After flipping them over and attaching them to long, handcrafted robes and charms, Carlson wired the largest of the pelvises with blue electric lights and hair clips, giving the three statues the unmistakable look of masks. In front of the 10-inch-tall figures, he placed a carefully cut cedar stump engraved with a pentagram. Inside the pentagram rests a miniature rubber chicken and birthday candles, all preparing to be sacrificed.
“It’s a little off center, but I find that more interesting,” Carlson said.
Although fiercely dedicated to his art, he has never gotten any kind of recognition for his passion. But that doesn’t mean anything to him.
“I’m waiting to be discovered by the art world,” he said, only half joking.
One thing is certain: Carlson dreams of an art show of his own. For now, he settles for leading the occasional customer downstairs.

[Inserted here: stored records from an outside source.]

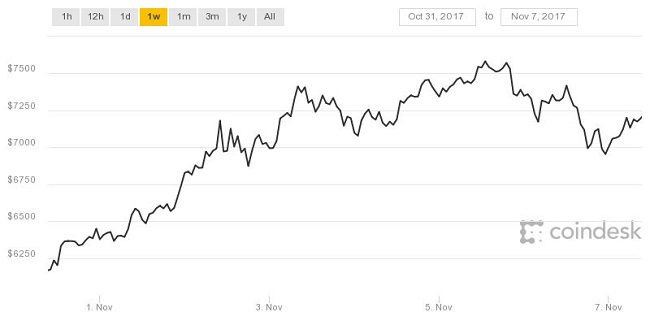 Coindesk : Bitcoin chart value.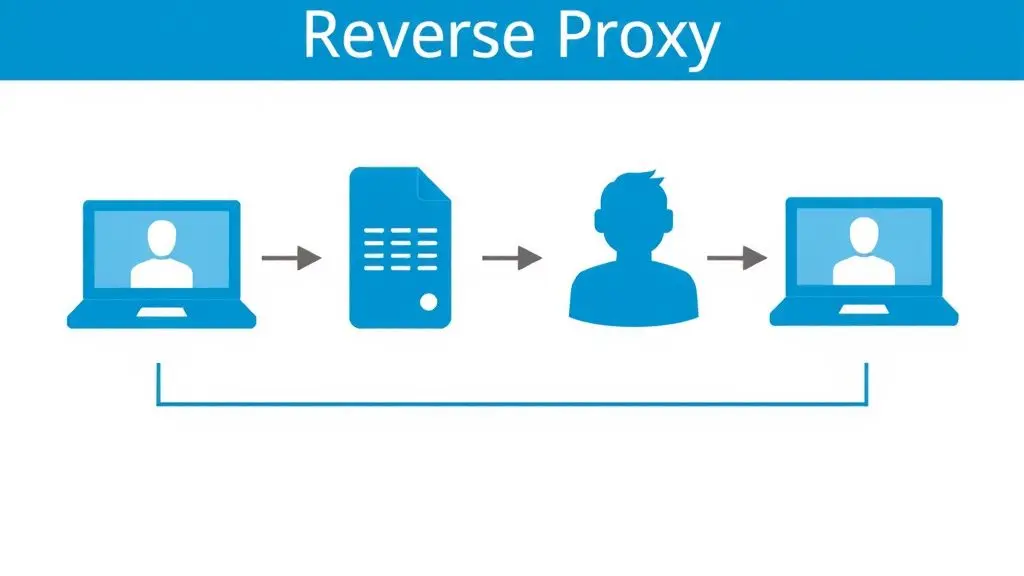 Nginx'in Apache önünde ters proxy olarak konumlandığı ağ akış şeması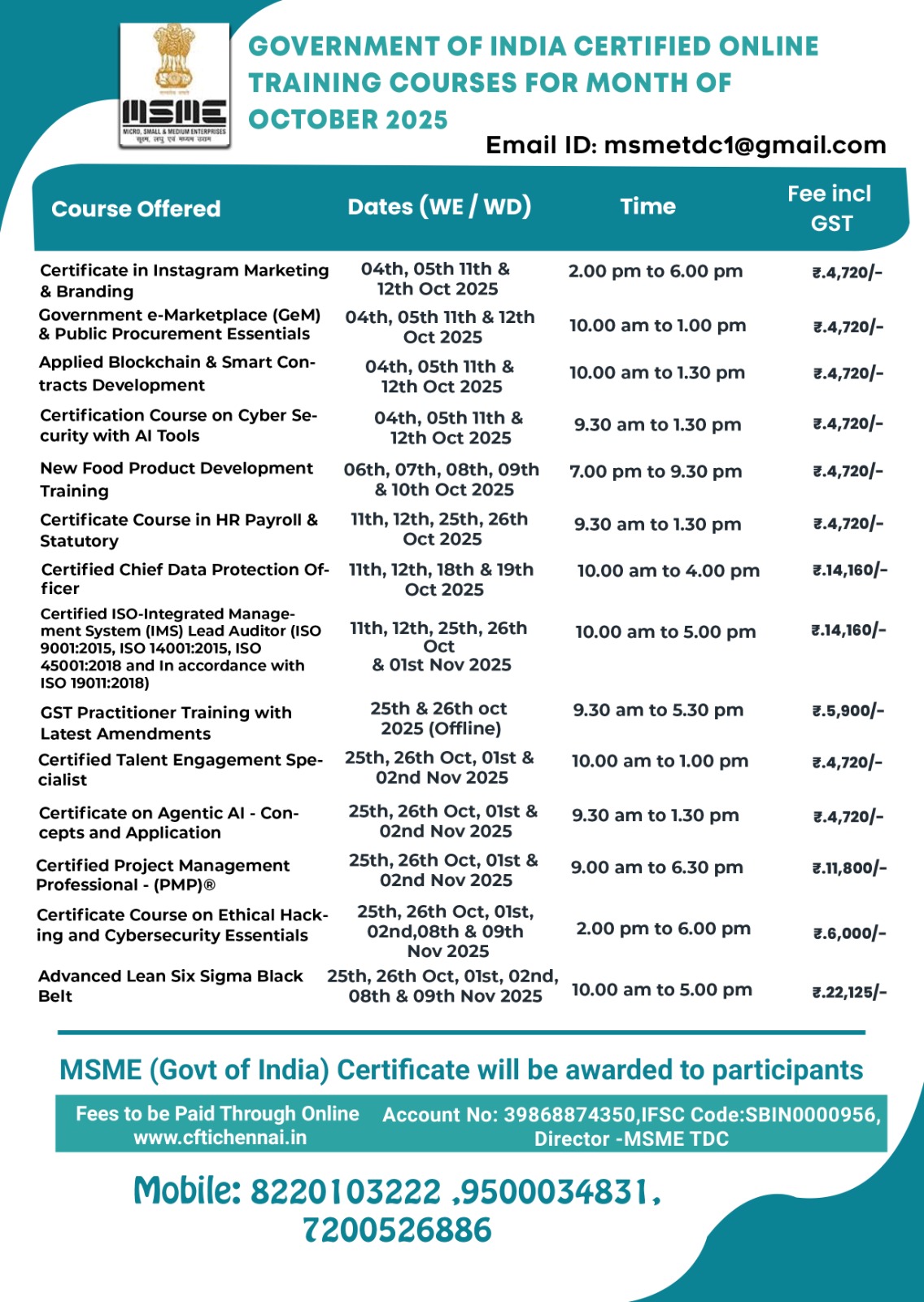MSME October 2025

“My first reaction was shock and awe,” recalled Tatiana Bruno, a William Smith graduate and Geneva local. “You just think it’s a bar, and Gary’s kind of a quiet guy. You don’t get the impression he’s kind of a creative genius until you go downstairs. My favorite is Quicksand, the one with faces chewed into walnuts by squirrels.”

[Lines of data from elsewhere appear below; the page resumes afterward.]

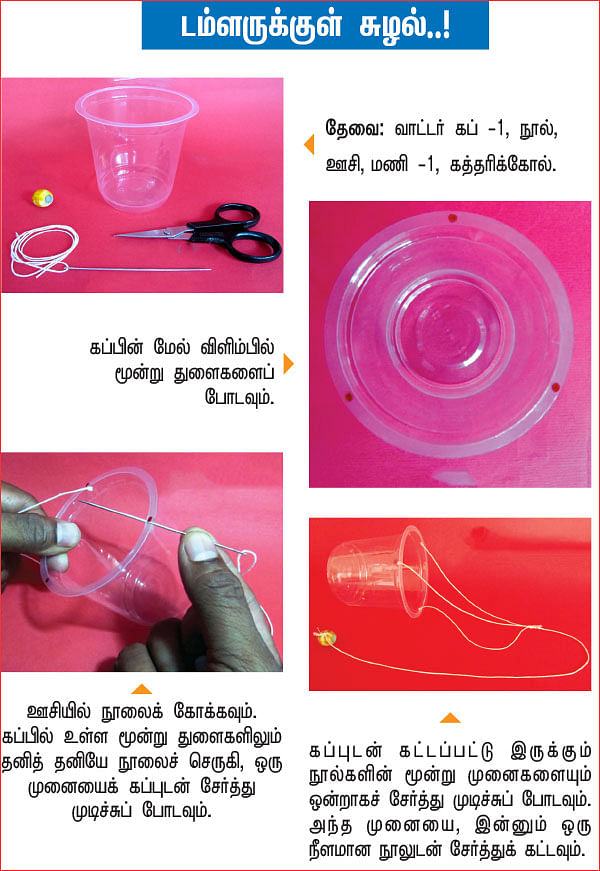 அறிவியல் பழகலாம் வாங்க!
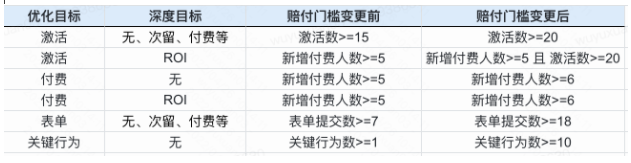 【智能投放升级通知】成本优先项目赔付规则调整 - 快手推广平台
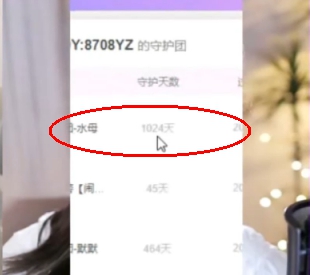 超长守护，守护燕子1024天不断档！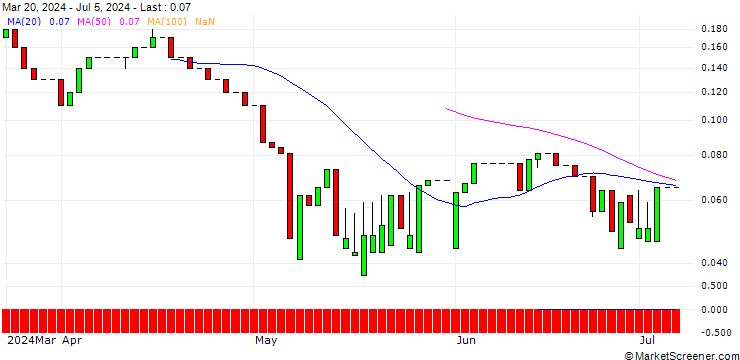 Chart UNICREDIT BANK/PUT/HENKEL AG VZ/60/0.1/19.03.25
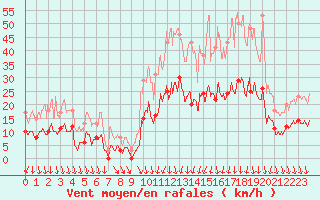 Courbe de la force du vent pour Le Mans (72)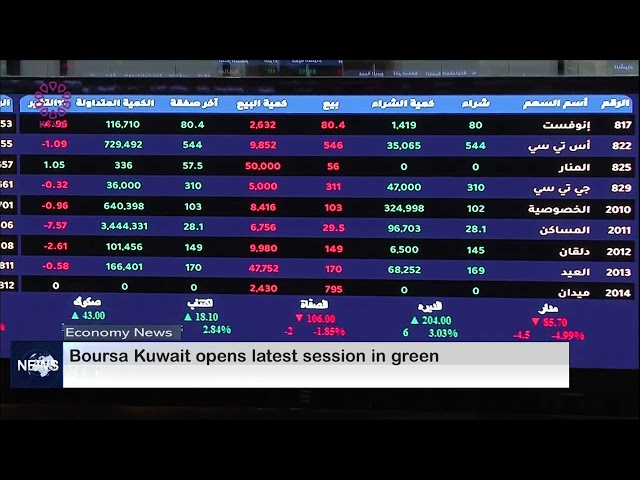 ⁣Boursa Kuwait opens latest session in green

Carlson said just about every piece has been identified as someone’s favorite. But he has also had his fair share of critics.
“You can tell in about ten seconds if you’ve got someone who is going to appreciate it,” he said.
Some turn to their friends, discouraged looks on their faces, and make a discreet exit up the stairs. But others want to buy stuff.
Carlson said one bidder even offered as much as $5,000 for Neil’s Nightmare – another jewel in his collection. However, Carlson is not accepting offers for his work. He wants the chance to display it all at least once before he sells it off.
At least that’s what he says. Others might guess that he’s just an art pack rat.
Nick Ruth, an associate professor of art at Hobart and William Smith Colleges, discussed the history and tradition behind found object art – with a disclaimer.
“It’s basically impossible to pinpoint the first time someone found something and found beauty not related to its original purpose,” he said.
But if a beginning is needed, look no further than Marcel Duchamp, a French surrealist living in the early 1900s. His most notable work was a bathroom urinal, which he titled Fountain.
Duchamp called this genre “readymades,” but it soon became known as found art.
“There is something very inspiring in discovering something unexpected in normal, everyday stuff, and I think the possibility starts multiplying when you add more and more objects,” Ruth said.
He also took a look at Carlson’s Web site.
“For some time now, many thoughtful people have been trying to challenge the question of what makes art good, and perhaps some time ago people felt that … many years of technical training is what legitimized an artist’s vision,” Ruth said. “But these days, there’s a lot of creativity and insight from the people like Gary.”